TASK TO CARRY OUT: Within the records below, reproduce without change the lines from the line that has "Villa Center Appartamenti" through the line that has "Zeven: Haus an", and only those.

■ ■ ■ ■ ■

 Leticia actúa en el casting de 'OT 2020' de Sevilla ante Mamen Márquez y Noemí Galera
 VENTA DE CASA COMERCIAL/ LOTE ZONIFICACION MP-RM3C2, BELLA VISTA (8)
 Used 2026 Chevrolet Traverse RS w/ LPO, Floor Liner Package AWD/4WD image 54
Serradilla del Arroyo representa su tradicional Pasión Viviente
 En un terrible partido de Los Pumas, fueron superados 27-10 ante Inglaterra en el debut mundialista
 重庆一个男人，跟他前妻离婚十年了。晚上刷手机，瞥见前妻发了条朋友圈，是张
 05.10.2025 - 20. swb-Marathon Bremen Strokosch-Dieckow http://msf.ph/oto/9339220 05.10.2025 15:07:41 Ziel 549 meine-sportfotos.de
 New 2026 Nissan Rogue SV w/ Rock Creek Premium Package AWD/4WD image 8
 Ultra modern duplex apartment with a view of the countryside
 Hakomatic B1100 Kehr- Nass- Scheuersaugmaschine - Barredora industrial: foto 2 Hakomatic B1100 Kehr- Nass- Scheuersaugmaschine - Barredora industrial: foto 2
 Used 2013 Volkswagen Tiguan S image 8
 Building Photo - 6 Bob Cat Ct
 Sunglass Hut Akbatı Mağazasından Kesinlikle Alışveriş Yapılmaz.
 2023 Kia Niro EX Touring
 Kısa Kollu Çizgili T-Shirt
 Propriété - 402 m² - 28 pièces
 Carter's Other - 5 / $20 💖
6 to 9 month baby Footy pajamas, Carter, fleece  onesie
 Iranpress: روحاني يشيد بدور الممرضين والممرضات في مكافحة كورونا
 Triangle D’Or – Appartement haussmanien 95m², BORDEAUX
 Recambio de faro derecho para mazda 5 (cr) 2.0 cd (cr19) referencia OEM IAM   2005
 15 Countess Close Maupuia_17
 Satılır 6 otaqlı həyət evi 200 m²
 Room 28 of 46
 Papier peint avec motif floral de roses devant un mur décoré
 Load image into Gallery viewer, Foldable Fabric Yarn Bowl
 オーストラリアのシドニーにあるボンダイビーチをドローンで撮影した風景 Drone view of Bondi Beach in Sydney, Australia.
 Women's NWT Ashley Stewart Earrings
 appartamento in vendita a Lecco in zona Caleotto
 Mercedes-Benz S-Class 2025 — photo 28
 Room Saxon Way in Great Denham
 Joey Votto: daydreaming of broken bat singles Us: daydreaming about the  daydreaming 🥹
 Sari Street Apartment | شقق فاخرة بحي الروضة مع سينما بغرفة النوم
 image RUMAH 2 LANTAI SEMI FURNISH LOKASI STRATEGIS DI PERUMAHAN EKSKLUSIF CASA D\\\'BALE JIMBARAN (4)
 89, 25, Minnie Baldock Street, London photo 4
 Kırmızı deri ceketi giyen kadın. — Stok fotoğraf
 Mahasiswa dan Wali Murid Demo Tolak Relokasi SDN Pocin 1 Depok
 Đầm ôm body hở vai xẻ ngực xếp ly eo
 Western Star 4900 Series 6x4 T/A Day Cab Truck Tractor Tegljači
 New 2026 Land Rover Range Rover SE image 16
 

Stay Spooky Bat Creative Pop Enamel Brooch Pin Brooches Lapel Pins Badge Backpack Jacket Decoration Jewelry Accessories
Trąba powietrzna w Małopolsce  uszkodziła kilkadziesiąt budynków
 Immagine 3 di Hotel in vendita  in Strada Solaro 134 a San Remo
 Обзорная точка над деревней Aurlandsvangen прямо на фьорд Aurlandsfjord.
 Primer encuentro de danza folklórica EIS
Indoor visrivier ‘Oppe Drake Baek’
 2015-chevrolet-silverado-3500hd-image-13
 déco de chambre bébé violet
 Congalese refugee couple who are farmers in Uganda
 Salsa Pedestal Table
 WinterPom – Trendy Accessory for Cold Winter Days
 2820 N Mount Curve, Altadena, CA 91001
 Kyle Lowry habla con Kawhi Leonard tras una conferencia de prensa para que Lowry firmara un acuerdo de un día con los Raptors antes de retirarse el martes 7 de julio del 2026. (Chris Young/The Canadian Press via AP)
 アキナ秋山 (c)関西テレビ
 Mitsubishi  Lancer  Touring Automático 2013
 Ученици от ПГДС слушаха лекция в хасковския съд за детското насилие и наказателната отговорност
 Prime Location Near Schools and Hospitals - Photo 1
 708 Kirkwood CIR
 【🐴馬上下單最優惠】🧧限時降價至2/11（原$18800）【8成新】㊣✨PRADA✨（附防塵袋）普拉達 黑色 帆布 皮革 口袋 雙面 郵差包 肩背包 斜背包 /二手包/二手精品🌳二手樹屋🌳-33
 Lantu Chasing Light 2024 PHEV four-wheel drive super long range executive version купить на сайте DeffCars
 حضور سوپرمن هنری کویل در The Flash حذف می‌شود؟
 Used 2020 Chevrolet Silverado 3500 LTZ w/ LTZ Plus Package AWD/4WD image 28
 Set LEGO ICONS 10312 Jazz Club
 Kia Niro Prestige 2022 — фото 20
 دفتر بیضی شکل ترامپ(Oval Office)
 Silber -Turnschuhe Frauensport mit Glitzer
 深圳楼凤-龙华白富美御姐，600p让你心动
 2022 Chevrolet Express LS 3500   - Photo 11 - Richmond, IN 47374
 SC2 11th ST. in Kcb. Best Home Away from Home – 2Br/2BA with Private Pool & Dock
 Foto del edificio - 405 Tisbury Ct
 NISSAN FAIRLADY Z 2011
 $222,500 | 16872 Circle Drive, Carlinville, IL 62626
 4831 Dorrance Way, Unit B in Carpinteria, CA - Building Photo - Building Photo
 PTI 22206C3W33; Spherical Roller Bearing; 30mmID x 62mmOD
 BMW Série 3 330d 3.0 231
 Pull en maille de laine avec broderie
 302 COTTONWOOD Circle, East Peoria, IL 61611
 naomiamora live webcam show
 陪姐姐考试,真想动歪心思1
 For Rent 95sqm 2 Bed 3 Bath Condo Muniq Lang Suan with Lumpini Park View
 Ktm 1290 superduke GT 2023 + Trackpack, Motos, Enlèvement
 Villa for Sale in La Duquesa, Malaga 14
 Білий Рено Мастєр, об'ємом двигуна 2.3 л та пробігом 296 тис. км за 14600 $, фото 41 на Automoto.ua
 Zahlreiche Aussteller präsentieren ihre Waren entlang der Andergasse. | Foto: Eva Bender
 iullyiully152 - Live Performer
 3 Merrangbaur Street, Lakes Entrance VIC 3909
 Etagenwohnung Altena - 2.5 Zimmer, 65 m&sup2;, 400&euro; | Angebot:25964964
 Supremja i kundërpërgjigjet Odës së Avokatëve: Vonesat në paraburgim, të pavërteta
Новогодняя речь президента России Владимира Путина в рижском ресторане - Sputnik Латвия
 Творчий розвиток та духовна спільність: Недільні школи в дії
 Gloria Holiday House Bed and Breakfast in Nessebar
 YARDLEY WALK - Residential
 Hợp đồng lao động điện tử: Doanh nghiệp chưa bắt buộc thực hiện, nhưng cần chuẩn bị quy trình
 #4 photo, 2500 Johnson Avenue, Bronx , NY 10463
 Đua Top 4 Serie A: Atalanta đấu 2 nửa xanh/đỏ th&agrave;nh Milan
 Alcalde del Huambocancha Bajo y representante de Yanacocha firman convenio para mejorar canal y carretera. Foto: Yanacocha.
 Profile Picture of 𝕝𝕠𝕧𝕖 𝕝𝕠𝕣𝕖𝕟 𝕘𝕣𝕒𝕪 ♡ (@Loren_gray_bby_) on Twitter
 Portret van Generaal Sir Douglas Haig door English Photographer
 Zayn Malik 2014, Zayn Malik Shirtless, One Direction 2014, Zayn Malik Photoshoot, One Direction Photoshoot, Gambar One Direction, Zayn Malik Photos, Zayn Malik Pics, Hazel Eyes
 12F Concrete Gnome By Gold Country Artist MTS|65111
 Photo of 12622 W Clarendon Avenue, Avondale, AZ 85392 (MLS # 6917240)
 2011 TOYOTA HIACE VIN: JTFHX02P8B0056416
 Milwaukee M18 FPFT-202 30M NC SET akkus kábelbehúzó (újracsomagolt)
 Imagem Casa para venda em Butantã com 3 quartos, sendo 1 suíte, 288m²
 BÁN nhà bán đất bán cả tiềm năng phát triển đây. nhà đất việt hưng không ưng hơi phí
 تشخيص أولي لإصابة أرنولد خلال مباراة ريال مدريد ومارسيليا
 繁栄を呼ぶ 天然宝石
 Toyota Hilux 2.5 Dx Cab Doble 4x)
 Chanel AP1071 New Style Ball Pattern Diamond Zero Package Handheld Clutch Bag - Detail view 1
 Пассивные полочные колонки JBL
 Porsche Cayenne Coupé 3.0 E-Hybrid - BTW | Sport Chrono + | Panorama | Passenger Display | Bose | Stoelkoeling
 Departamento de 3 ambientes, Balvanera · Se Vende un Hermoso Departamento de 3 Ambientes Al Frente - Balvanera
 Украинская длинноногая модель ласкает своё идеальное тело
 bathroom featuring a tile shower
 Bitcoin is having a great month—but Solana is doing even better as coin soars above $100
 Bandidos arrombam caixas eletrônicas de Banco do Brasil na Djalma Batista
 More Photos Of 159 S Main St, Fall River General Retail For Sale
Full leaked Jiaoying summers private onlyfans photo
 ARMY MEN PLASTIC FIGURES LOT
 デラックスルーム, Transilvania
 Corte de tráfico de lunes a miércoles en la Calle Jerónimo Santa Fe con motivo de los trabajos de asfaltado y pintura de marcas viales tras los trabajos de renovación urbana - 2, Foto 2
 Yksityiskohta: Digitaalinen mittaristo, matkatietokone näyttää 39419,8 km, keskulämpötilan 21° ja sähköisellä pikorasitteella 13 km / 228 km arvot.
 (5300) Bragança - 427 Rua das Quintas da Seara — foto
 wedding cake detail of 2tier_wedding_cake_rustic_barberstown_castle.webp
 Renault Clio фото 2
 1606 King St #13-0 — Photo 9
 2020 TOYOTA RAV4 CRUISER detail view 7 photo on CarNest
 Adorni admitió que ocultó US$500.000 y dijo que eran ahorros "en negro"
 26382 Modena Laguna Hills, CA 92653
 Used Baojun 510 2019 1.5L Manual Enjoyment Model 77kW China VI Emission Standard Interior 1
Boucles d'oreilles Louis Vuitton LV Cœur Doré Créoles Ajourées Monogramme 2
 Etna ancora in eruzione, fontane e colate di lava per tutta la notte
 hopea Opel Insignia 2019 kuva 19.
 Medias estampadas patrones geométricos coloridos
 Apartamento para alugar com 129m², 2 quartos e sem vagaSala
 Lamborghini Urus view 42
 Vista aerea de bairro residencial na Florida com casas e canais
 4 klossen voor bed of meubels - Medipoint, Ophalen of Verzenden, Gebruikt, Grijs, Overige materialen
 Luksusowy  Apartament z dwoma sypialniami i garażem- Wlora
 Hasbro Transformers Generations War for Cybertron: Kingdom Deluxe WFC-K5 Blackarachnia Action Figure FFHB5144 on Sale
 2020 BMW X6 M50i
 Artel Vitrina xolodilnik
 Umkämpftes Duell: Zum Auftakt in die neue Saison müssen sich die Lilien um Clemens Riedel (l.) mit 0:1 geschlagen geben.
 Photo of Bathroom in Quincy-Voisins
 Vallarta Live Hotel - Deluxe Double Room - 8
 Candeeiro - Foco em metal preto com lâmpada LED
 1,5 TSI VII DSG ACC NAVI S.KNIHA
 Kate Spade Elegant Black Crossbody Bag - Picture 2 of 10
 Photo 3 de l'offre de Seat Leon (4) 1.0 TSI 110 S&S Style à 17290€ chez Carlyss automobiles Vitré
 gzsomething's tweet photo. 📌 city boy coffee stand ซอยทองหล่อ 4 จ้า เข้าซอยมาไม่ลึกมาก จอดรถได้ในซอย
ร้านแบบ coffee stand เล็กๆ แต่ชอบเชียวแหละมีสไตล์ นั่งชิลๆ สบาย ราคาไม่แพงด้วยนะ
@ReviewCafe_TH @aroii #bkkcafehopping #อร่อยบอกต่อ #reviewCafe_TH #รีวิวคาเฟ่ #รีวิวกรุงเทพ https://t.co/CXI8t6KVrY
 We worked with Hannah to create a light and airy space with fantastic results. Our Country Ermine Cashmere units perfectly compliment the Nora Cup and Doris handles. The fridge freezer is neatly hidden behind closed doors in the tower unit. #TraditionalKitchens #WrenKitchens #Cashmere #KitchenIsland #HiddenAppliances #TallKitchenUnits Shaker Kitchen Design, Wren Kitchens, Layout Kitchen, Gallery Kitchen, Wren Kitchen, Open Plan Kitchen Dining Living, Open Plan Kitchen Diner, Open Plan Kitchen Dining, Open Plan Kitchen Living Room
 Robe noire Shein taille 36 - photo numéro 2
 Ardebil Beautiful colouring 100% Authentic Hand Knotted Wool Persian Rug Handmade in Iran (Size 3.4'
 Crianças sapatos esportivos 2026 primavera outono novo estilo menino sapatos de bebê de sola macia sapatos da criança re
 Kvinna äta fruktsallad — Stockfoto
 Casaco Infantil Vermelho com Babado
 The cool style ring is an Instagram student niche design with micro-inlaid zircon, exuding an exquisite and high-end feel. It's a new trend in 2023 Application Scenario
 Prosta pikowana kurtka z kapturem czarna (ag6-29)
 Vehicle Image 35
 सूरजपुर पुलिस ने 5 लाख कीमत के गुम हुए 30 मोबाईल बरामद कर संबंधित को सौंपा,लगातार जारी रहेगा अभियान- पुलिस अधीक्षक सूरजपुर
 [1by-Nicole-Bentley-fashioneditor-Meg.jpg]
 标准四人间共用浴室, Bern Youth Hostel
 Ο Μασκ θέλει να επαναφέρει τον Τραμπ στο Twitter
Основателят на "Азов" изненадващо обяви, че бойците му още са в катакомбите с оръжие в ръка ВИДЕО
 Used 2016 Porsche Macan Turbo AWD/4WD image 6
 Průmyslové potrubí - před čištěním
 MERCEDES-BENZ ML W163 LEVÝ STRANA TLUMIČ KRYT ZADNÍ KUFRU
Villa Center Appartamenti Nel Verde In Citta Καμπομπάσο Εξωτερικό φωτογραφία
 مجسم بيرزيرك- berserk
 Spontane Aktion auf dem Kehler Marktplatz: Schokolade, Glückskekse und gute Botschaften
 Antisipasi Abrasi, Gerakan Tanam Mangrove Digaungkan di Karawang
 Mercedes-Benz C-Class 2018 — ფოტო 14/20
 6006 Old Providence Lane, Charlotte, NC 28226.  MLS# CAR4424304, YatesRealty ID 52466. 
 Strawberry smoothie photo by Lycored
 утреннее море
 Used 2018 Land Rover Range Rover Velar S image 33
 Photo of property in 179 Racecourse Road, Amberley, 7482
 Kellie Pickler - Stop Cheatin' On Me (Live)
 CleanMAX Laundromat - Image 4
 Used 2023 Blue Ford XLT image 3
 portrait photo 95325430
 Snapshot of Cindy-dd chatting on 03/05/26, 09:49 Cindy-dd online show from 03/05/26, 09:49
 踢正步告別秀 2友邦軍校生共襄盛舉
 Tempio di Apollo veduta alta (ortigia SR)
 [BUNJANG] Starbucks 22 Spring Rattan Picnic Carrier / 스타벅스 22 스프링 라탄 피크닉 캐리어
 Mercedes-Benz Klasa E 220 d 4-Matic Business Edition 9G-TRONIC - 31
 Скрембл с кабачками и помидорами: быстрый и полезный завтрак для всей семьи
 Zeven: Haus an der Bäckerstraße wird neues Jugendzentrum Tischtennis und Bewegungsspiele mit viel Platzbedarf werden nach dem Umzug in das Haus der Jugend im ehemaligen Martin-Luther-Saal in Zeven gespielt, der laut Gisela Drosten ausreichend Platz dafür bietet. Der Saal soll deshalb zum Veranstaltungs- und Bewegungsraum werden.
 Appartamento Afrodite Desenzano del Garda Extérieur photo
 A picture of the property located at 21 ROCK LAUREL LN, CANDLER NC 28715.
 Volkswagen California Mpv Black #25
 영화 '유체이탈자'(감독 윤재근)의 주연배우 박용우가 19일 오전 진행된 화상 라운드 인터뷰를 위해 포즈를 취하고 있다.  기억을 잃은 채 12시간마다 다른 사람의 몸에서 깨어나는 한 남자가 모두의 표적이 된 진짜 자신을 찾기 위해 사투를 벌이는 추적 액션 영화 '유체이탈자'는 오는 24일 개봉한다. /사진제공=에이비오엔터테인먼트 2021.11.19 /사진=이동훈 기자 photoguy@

■ ■ ■ ■ ■

SOLVED EXERCISE:
Villa Center Appartamenti Nel Verde In Citta Καμπομπάσο Εξωτερικό φωτογραφία
 مجسم بيرزيرك- berserk
 Spontane Aktion auf dem Kehler Marktplatz: Schokolade, Glückskekse und gute Botschaften
 Antisipasi Abrasi, Gerakan Tanam Mangrove Digaungkan di Karawang
 Mercedes-Benz C-Class 2018 — ფოტო 14/20
 6006 Old Providence Lane, Charlotte, NC 28226.  MLS# CAR4424304, YatesRealty ID 52466. 
 Strawberry smoothie photo by Lycored
 утреннее море
 Used 2018 Land Rover Range Rover Velar S image 33
 Photo of property in 179 Racecourse Road, Amberley, 7482
 Kellie Pickler - Stop Cheatin' On Me (Live)
 CleanMAX Laundromat - Image 4
 Used 2023 Blue Ford XLT image 3
 portrait photo 95325430
 Snapshot of Cindy-dd chatting on 03/05/26, 09:49 Cindy-dd online show from 03/05/26, 09:49
 踢正步告別秀 2友邦軍校生共襄盛舉
 Tempio di Apollo veduta alta (ortigia SR)
 [BUNJANG] Starbucks 22 Spring Rattan Picnic Carrier / 스타벅스 22 스프링 라탄 피크닉 캐리어
 Mercedes-Benz Klasa E 220 d 4-Matic Business Edition 9G-TRONIC - 31
 Скрембл с кабачками и помидорами: быстрый и полезный завтрак для всей семьи
 Zeven: Haus an der Bäckerstraße wird neues Jugendzentrum Tischtennis und Bewegungsspiele mit viel Platzbedarf werden nach dem Umzug in das Haus der Jugend im ehemaligen Martin-Luther-Saal in Zeven gespielt, der laut Gisela Drosten ausreichend Platz dafür bietet. Der Saal soll deshalb zum Veranstaltungs- und Bewegungsraum werden.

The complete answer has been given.